___ Available data ___
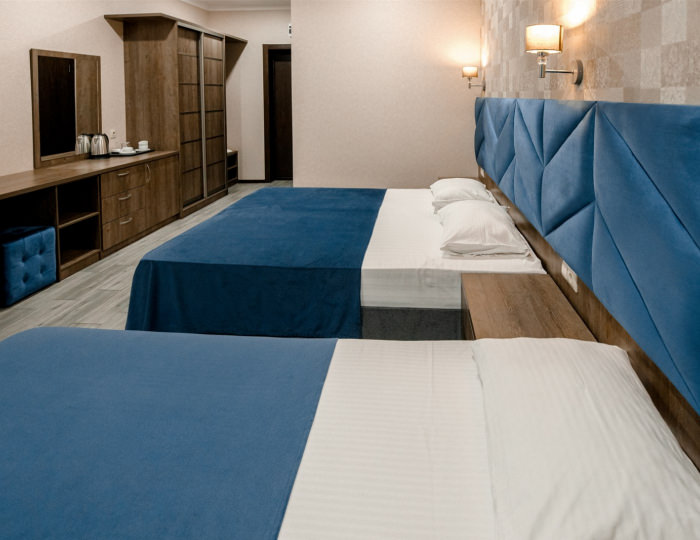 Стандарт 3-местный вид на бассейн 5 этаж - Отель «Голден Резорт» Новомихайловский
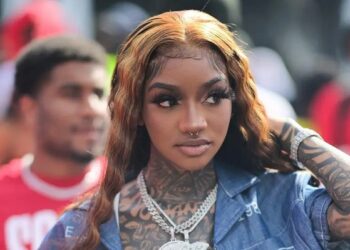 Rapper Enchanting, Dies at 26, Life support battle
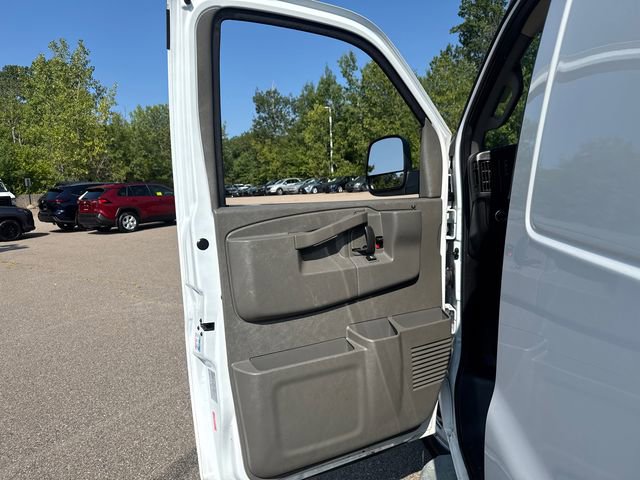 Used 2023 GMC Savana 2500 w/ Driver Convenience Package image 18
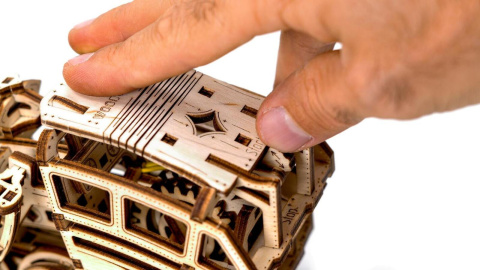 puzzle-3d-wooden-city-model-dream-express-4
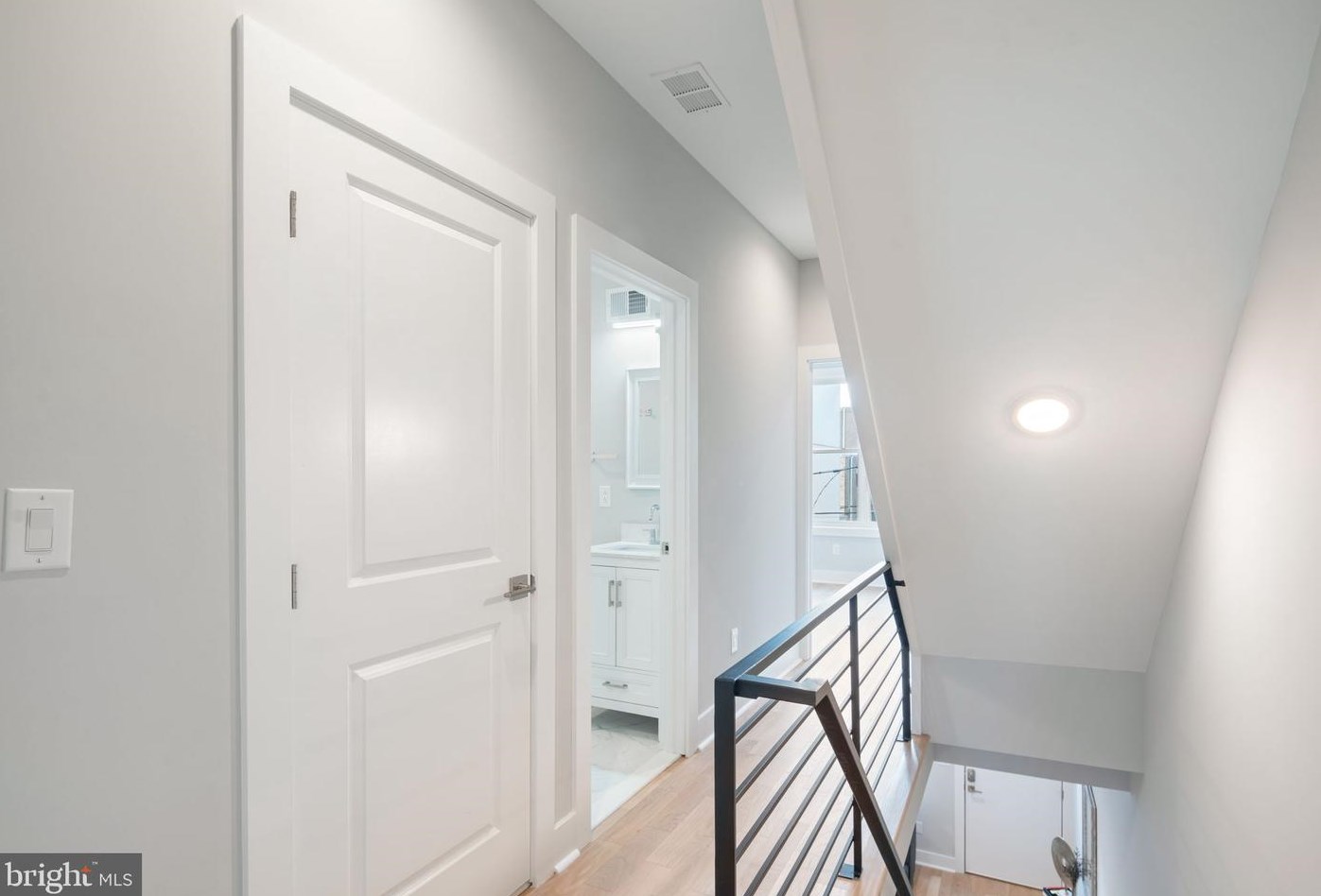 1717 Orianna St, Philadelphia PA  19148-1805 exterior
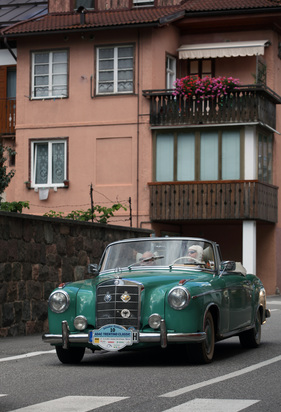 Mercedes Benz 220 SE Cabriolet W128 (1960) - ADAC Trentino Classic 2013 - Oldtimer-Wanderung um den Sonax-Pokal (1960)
___
Task details:
If a line comes after the line with "1717 Orianna St, Philadelphia", it stays out; print exactly every line from the start of the entries up to and including that line, but no pictures.

Solution to this problem:
 Стандарт 3-местный вид на бассейн 5 этаж - Отель «Голден Резорт» Новомихайловский
 Rapper Enchanting, Dies at 26, Life support battle
 Used 2023 GMC Savana 2500 w/ Driver Convenience Package image 18
 puzzle-3d-wooden-city-model-dream-express-4
 1717 Orianna St, Philadelphia PA  19148-1805 exterior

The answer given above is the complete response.